On the trip I got to see what life looks like for my old high school best friend (who is a semi-newlywed and new mom) in the great Pacific Northwest, AND catch up with my travel buddy/best friend. God didn’t give me sisters by blood. But he did give me women who have done life with me for the past twenty-twenty five years. In the fall of 2000 we all started at five different colleges spanning from Maryland to Florida. Life has taken us all through many different life choices and paths….we’ve all gone our own unique ways, but we somehow seem to find our way back. Correction, we MAKE the time to find our way back.

Seattle selfie

I was reminded on this trip that our history does matter. Our foundation of friendship matters.

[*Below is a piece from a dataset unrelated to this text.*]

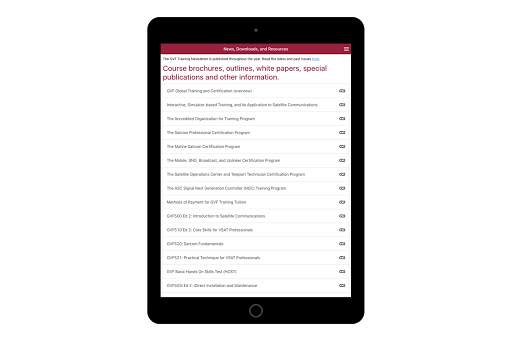 GVF Knowledge Center screenshot 5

It matters to me a ton, and that’s why the investment. That’s why I took the trip….to recognize a friendship and support it. We need to support one another no matter the distance between years of tight-knit, inseparable friendship-- or the differences between life philosophies, life choices, or simply geography. If you are blessed enough to have a friend who has known you since you were twelve years old, I don’t care how close you all are anymore--- take this as a sign to reach out. Everyday people are struggling--- you may be struggling. Be a human who cares, a giver to those in your circle-- and I promise you being that light to your friends will reflect back into your own life in a meaningful way.

The side benefits of being in Seattle for my friendships were--- I got to meet a sweet baby boy who is the most content little being I’ve seen in a long, long while. I also had the chance to travel, to witness the sights, sounds and smells of Seattle. One particular memory of mine happened in the middle of Pike’s Place Market. Just feet away from the legendary Pike Place Fish Market, an elderly gentleman caught my eye. He was dressed in a white dress shirt, black suit, and black hat. This man was laughing it up with a local gentleman about half his age, and skin color different from his own. They looked like they spoke together daily, and their friendship was just so pure and genuine. I lingered near a dumpster to get a photo of them as they parted ways. As the local troubadour played acoustic guitar, I smiled as I felt the eyes of strangers watch me as I watched these two men, and committed the moment to a tangible memory through photograph. That pure friendship was beautiful and I was blessed to witness and capture it.

My parents gave me the gift of day trips as a kid most Sunday afternoons, trips to the beach every summer, and even a family trip to Europe as a teenager. The cherished gift of the love of traveling has been passed on like a gene. My dad has a workshop that has a sense of sacredness and wisdom within the walls. Actually, there is wisdom ALL OVER the walls, or shelves literally. One particular quote I was introduced to by my dad’s handwriting in sharpie marker on a carpenter’s workshop shelf comes from Mark Twain, “Travel is fatal to prejudice, bigotry, and narrow-mindedness, and many of our people need it sorely on these accounts. Broad, wholesome, charitable views of men and things cannot be acquired by vegetating in one little corner of the earth all one's lifetime.”

So take that quote and travel. Travel to another country, another state, another side of the world or just the next city over. Leaving your “corner” does so much for your world view, for unity among nations, and individually for your soul.

I want to continue to travel as much as life allows. In regards to how I carry myself and what I strive for-- I want to be intentional about so much but I’m not always good at it. When life here on Earth is over and the pretty photographs fade, I want them to say “she was good to her friends”. I trust they will say that about you too. In the meantime, enjoy the product of me lugging my camera bag on and off planes as my carryon from these images above, a few phone selfies with these lifelong treasures I call friends, and find a way to leave your little corner of the world (even if it’s simply taking a walk), oh….and honor your friendships-- whatever that looks like for you.